> The problem
Your answer must be the records below, given again exactly, with no pictures in it.

========================

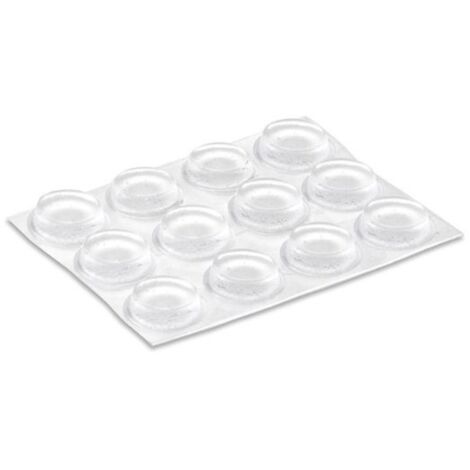 Gota autoadhesiva protectora ø12,7x3,5mm (blister 14 unid.) inofix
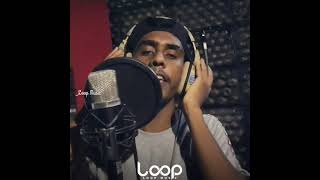 Video thumbnail of "Bandanagare ( බන්ධනාගාරේ ) - Scoopy Dopper _ Lyrics Video Music Loop Academy."
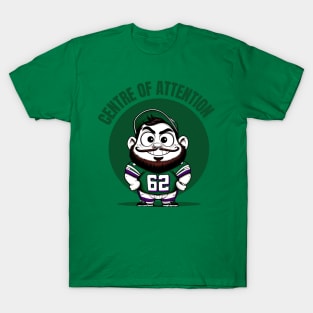 Jason Kelce Centre of Attention T-Shirt
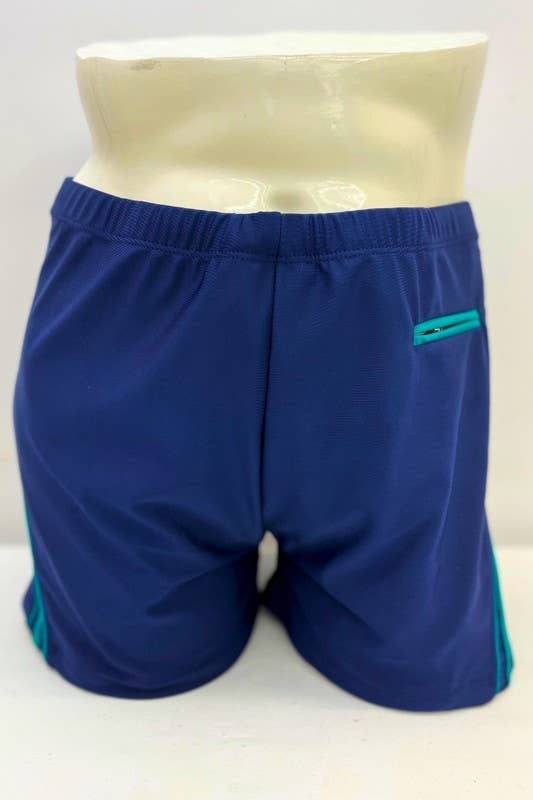 Yira - Vendita all'ingrosso Pantaloncini da bagno - Uomo - Costumi da bagno uomo con bande laterali sportive11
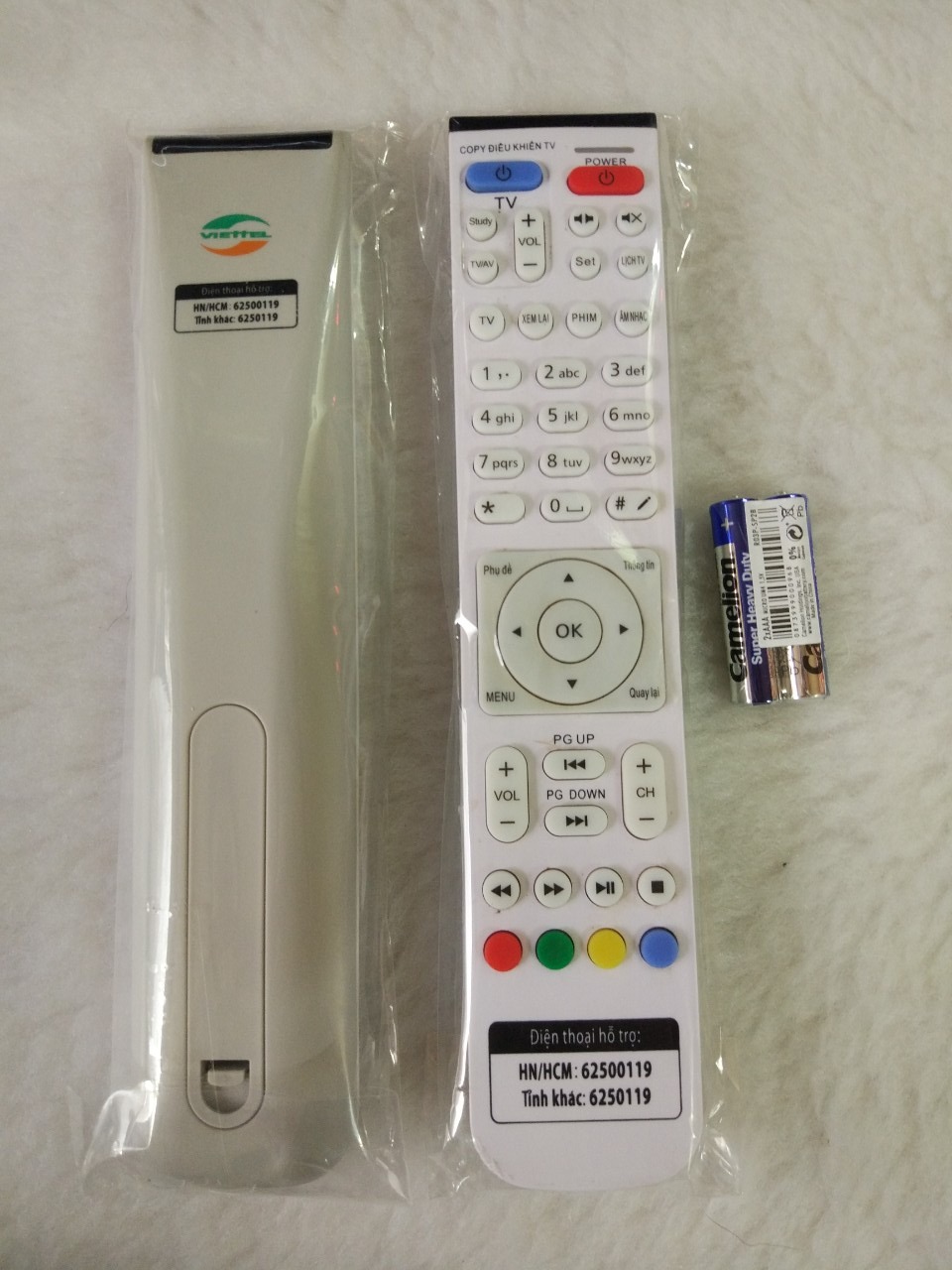 Điều Khiển Đầu Viettel ( Hàng Zin Mới )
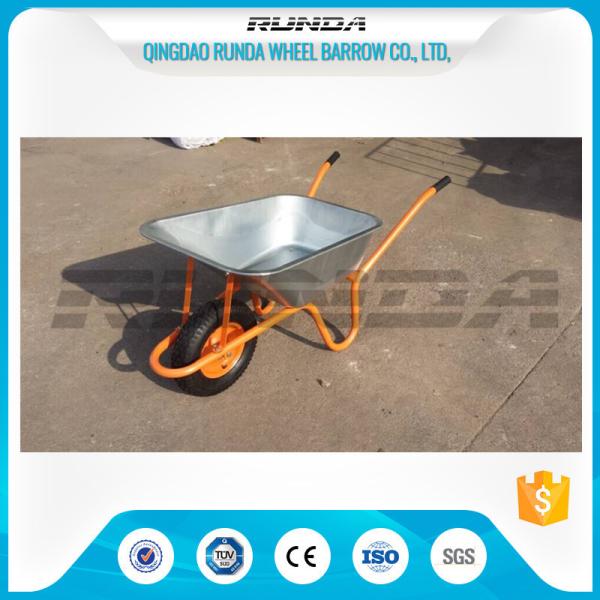 4.5CBF Heavy Duty Wheelbarrow Wb6414K, 85L Capacity Yard Garden Cart Various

========================

> Result for this task
 Gota autoadhesiva protectora ø12,7x3,5mm (blister 14 unid.) inofix
 Video thumbnail of "Bandanagare ( බන්ධනාගාරේ ) - Scoopy Dopper _ Lyrics Video Music Loop Academy."
 Jason Kelce Centre of Attention T-Shirt
 Yira - Vendita all'ingrosso Pantaloncini da bagno - Uomo - Costumi da bagno uomo con bande laterali sportive11
 Điều Khiển Đầu Viettel ( Hàng Zin Mới )
 4.5CBF Heavy Duty Wheelbarrow Wb6414K, 85L Capacity Yard Garden Cart Various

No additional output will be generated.